Jack smiled. “I’m glad you’re on our team.”
Despite her attempt to be cool, he knew she wasn’t immune to his compliment.
In the quiet moments when she wasn’t looking, he studied her, like a lovely piece of art he wanted to know very well. He could read every small lift to her lip now, every nuance in her most casual glance.
“Even with all this information, a lot will depend on luck,” Diana admitted. “The court clerk draws the first
sixteen names from the prospective hundred and fifty when
voir dire
begins. Those sixteen people will be the twelve regular jurors and four alternates unless they are excused for some reason.”
“What you’re saying is that if the clerk draws the names of people who we feel will be good jurors, they’ll be less work to do. If she draws mostly losers in the first batch, then your job will get a lot tougher.”
“In the proverbial nutshell.”
“Any other way to get an inappropriate juror excused?” Jack asked.
“Maneuver them into admitting in court that they can’t be fair. Unfortunately, the ones I’ll want to remove can’t—or won’t—admit they’re predisposed to be unfair. Some people love the sense of power that comes with judging others and deciding their fate.”
Yes, Jack had met a lot of those people. “We’ve only begun on the background checks available through the Internet organizations our firm belongs to,” he said. “We still have professional license, education, military and employment verification, plus a dozen others before we get down to the footwork.”

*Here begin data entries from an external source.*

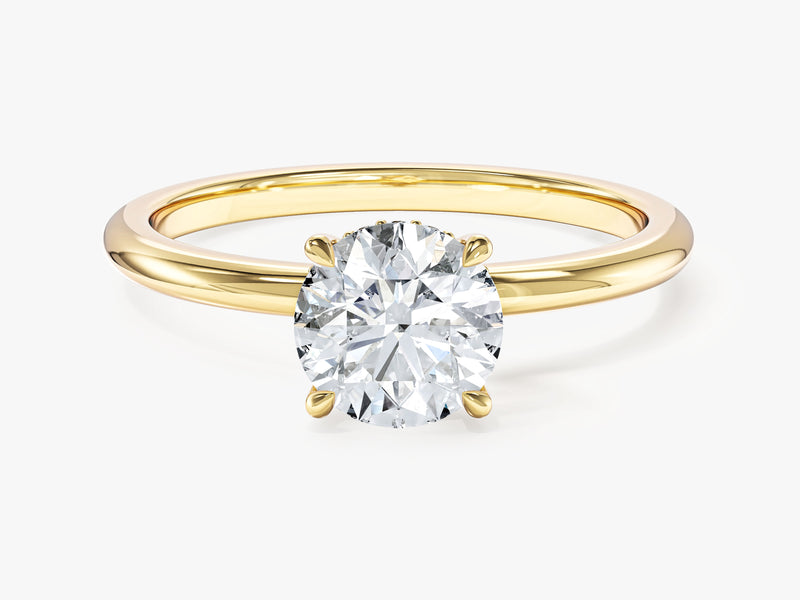 Labordiamant Verlobungsring im Rundschliff und verborgenem Halo (1.00 CT)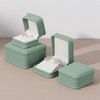 Oirlv Matcha Green PU Leather Stud Earrings Box Gift Box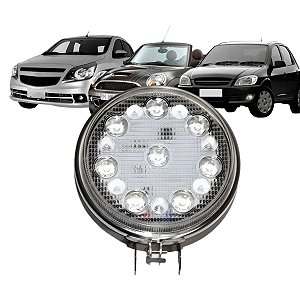 FAROL DE NEBLINA REDONDO 8 LEDS BIVOLT CAMINHONETE TRATOR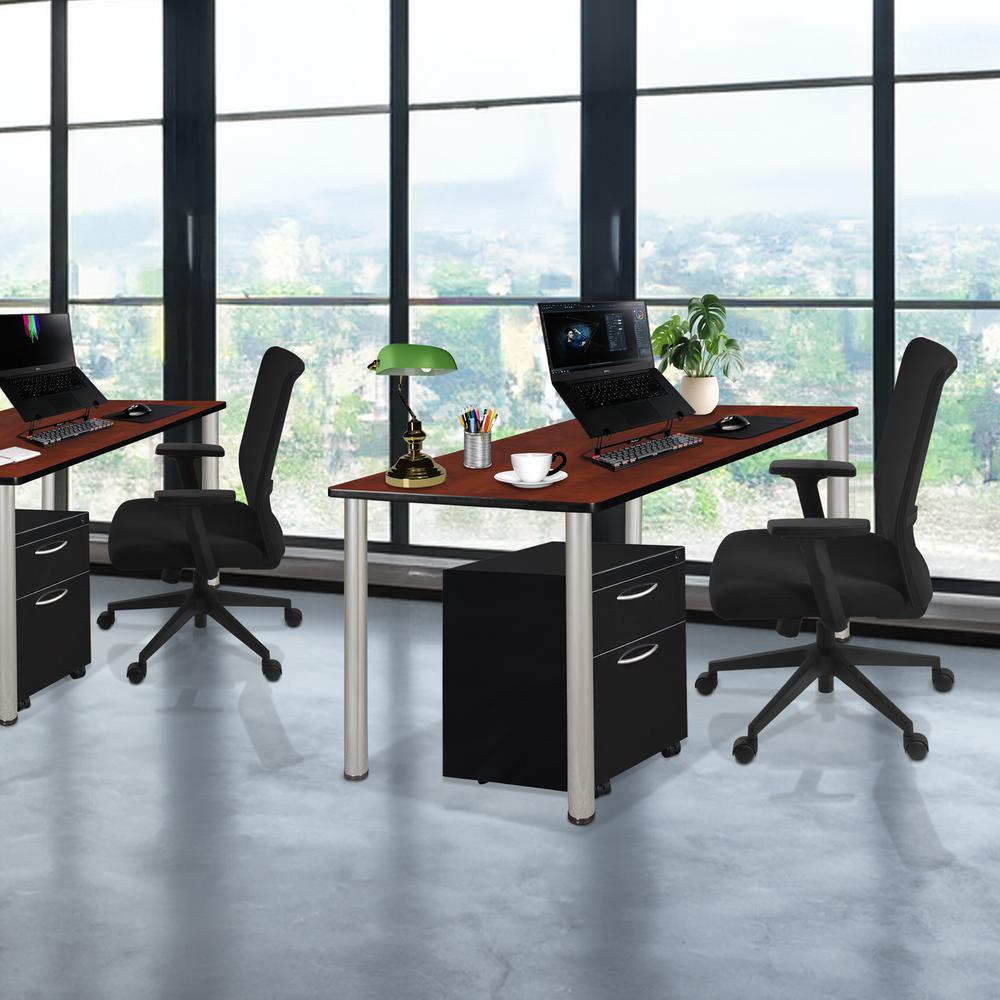 Kee 60" Single Mobile Pedestal Desk- Cherry/ Chrome. Picture 3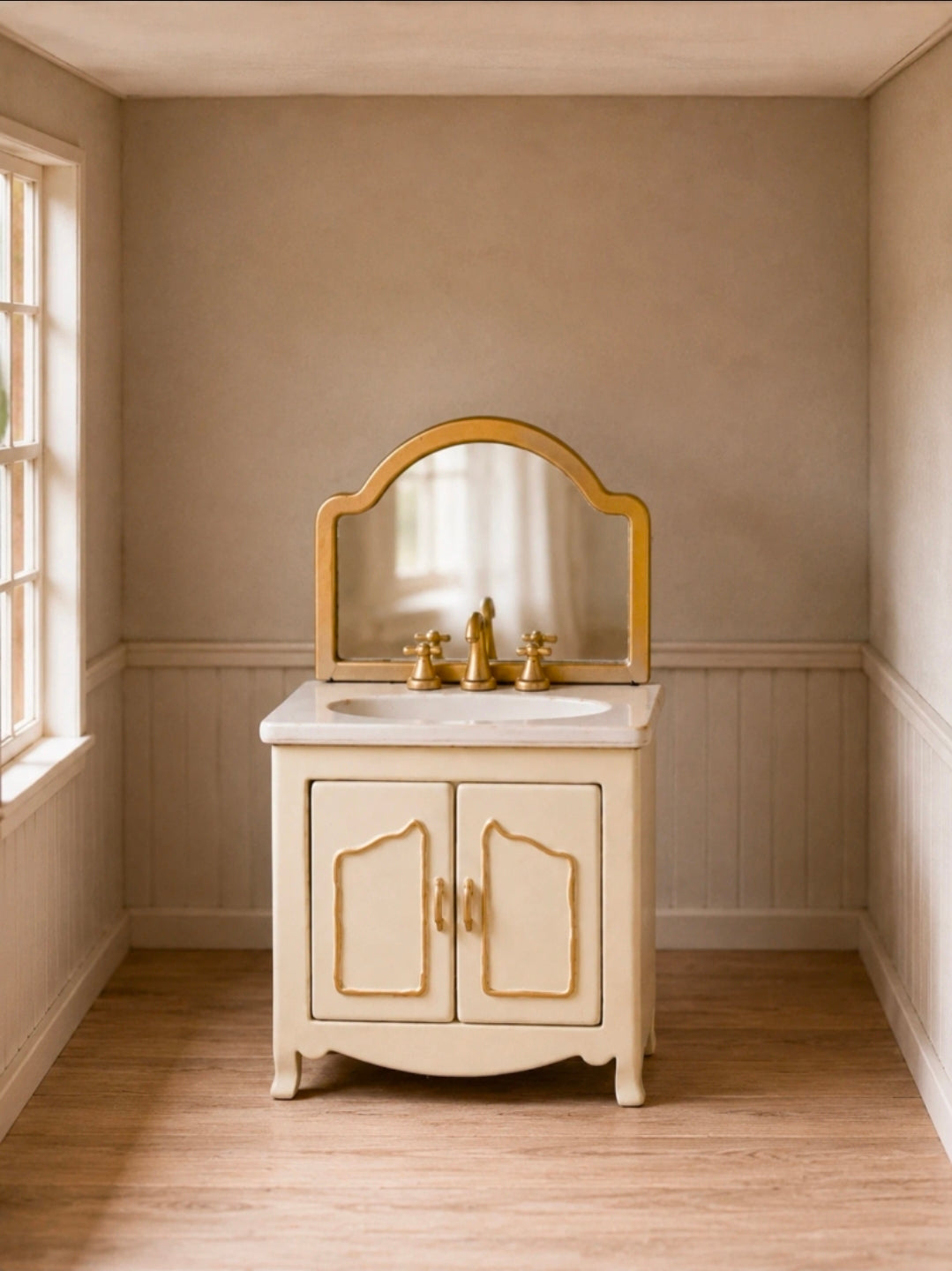 Meuble vasque en métal avec miroir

“I’m finished,” Mel said. “What would you like me to do next?”
Jack looked at her bright, eager face. He could get to like this kid. She’d been at it for hours and not one complaint.
“Go back to the menu options and check the home and business phone numbers the prospective jurors have given us, Mel. See what name those numbers are actually listed under.”
She nodded as her fingers started to fly over the keyboard.
Jack shook his head as he turned back to Diana. “I feel like I’m violating the child labor laws.”
“When they come to arrest you just remember to invoke your right to remain silent,” Diana said. “With a good attorney, you won’t get more than five, six years.”
Her smile was full of fun. And to think he once thought she was lacking a sense of humor. Seemed like a century ago.
“What do you want me to do next?” she asked.
He was very tempted to tell her. Damn good thing she’d brought Mel along. Maybe that’s
why
she’d brought Mel along.
D
IANA EAGERLY READ
the accident reconstruction report from Jack’s insurance company contact. Several days had passed since Jared had told Jack he’d have to tell the sheriff about his investigation. Yet, Staker had not notified her about the new development in his case against Connie.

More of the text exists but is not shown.